Maybe like a short toothbrush? Should be able to bend that enough to get in behind there.


----------



## tosh (Dec 30, 2005)

Sheep said:


> Maybe like a short toothbrush? Should be able to bend that enough to get in behind there.


Yeah, I've tried that - haven't found a toothbrush that has a flexible head/handle, but thinking about it, my child's toothbrush has a flexible head. Problem is, it looks like a crocodile. Good idea though - just needs to get behind the spoke, about an inch either side.


----------



## GleemSpray (Jan 26, 2014)

Cookies said:


> Halfords sell a green noodle washmitt glove, and its great for washing the back of the spoke, and for running your finger along the gutter.
> 
> Cheers
> 
> Cooks


I have one of these "glove" type green mitts from Halfords and its really good on my VW "Croft" alloys - like you say, you can wrap a finger around the back of the spoke with them and into awkward tight spaces :thumb:

https://www.halfords.com/motoring/car-cleaning/wheel-tyre-cleaning/halfords-microfibre-wheel-glove


----------



## neilb62 (Jul 30, 2007)

I have the 'gutter' type on my X2, a royal pain in the ass aren't they?


----------



## Chris Dyson (Feb 29, 2012)

I know what you mean, try cleaning these. They seemed like a good idea when we bought the car (nearly 25 years ago) but 'she who knows best' did say they'd be tricky to clean. Would I listen? Of course not! They've been a nightmare but at least they still do look good when done.


----------



## Andyblue (Jun 20, 2017)

Chris Dyson said:


> I know what you mean, try cleaning these. They seemed like a good idea when we bought the car (nearly 25 years ago) but 'she who knows best' did say they'd be tricky to clean. Would I listen? Of course not! They've been a nightmare but at least they still do look good when done.


Ooooooh I feel your pain 

But, bet they look good when clean :thumb:


----------



## Derek Mc (Jun 27, 2006)

Chris Dyson said:


> I know what you mean, try cleaning these. They seemed like a good idea when we bought the car (nearly 25 years ago) but 'she who knows best' did say they'd be tricky to clean. Would I listen? Of course not! They've been a nightmare but at least they still do look good when done.

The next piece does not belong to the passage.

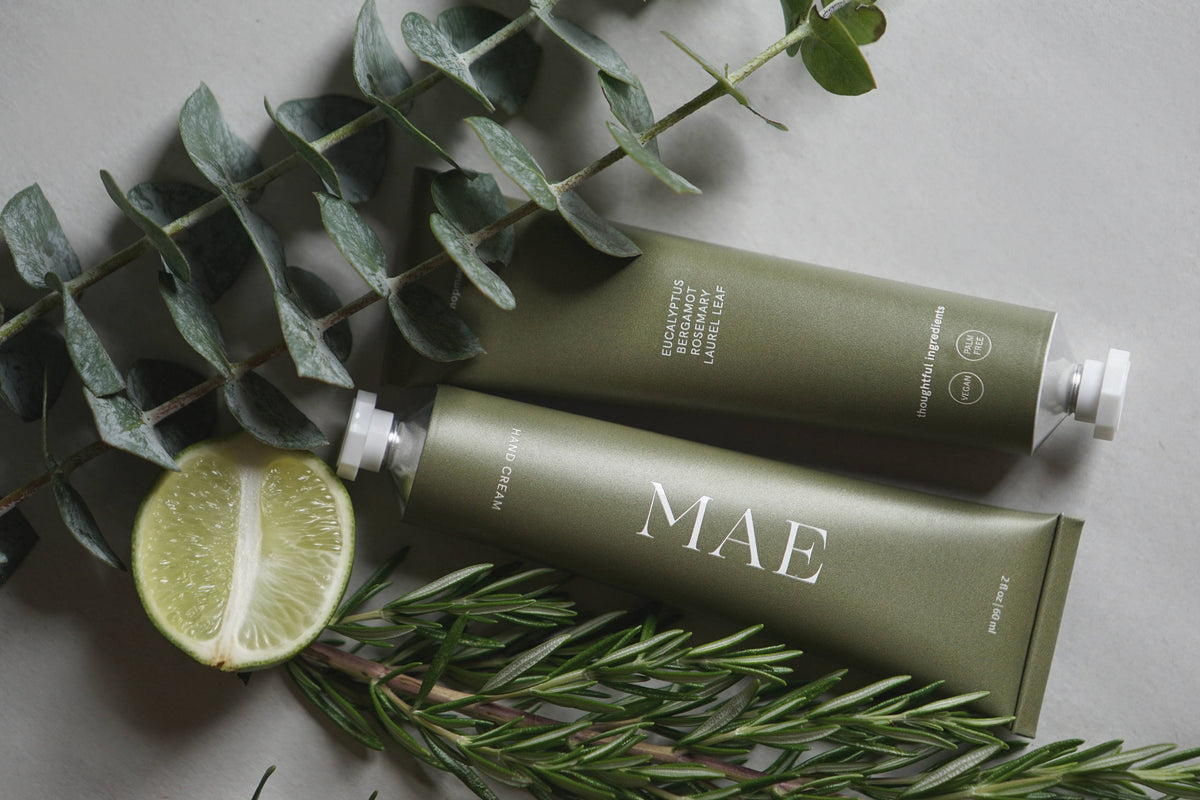 Eucalyptus Travel Size Hand Cream - Vegan, Essential Oil
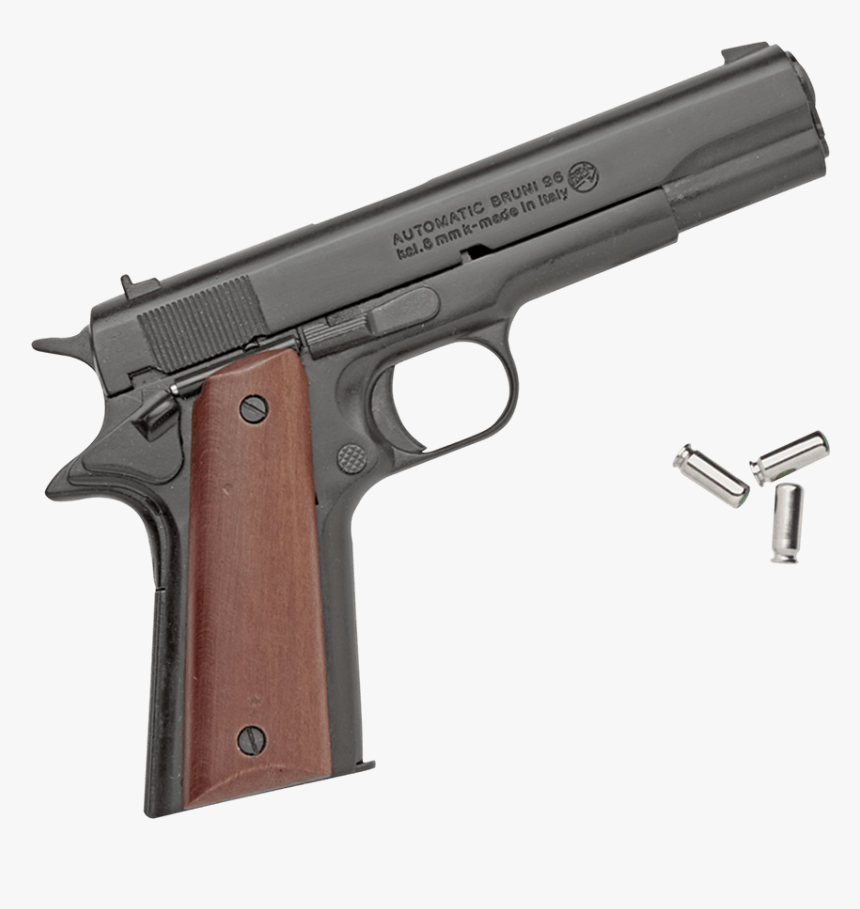 Blank Firing Automatic M1911 Pistol - M1911 Blank Firing Gun, HD Png Download, Free Download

Yip,,, you win best looking hardest to clean wheel of the day for them:doublesho


----------



## SadlyDistracted (Jan 18, 2013)

But will the wheel cleaning difficulty affect your future buying, i.e. not buying cars with such diabolical to clean wheels?


----------



## Derek Mc (Jun 27, 2006)

SadlyDistracted said:


> But will the wheel cleaning difficulty affect your future buying, i.e. not buying cars with such diabolical to clean wheels?


Nope not me I'd still have gone for them even if I had spotted the design :lol:


----------



## Sheep (Mar 20, 2009)

tosh said:


> Yeah, I've tried that - haven't found a toothbrush that has a flexible head/handle, but thinking about it, my child's toothbrush has a flexible head. Problem is, it looks like a crocodile. Good idea though - just needs to get behind the spoke, about an inch either side.


Maybe heat it up with a heat gun and bend it? If she can't find you handsome, she should at least find you handy!


----------



## Sheep (Mar 20, 2009)

Andyblue said:


> Ooooooh I feel your pain
> 
> But, bet they look good when clean :thumb:


At the rate BMWs make brake dust, are they ever really... "clean"?


----------



## tosh (Dec 30, 2005)

Just found this
It's on its way to me
(I actually have the full kit, but this looks smaller)

Twisstar Easy Wheel Brush https://www.amazon.co.uk/dp/B0881V9186/ref=cm_sw_r_cp_api_i_ZoilFbB86113Q


----------



## VW STEVE. (Mar 18, 2012)

My Audi RS6 Performance alloys are also a pain to keep clean,BUT when they are they do look great.


----------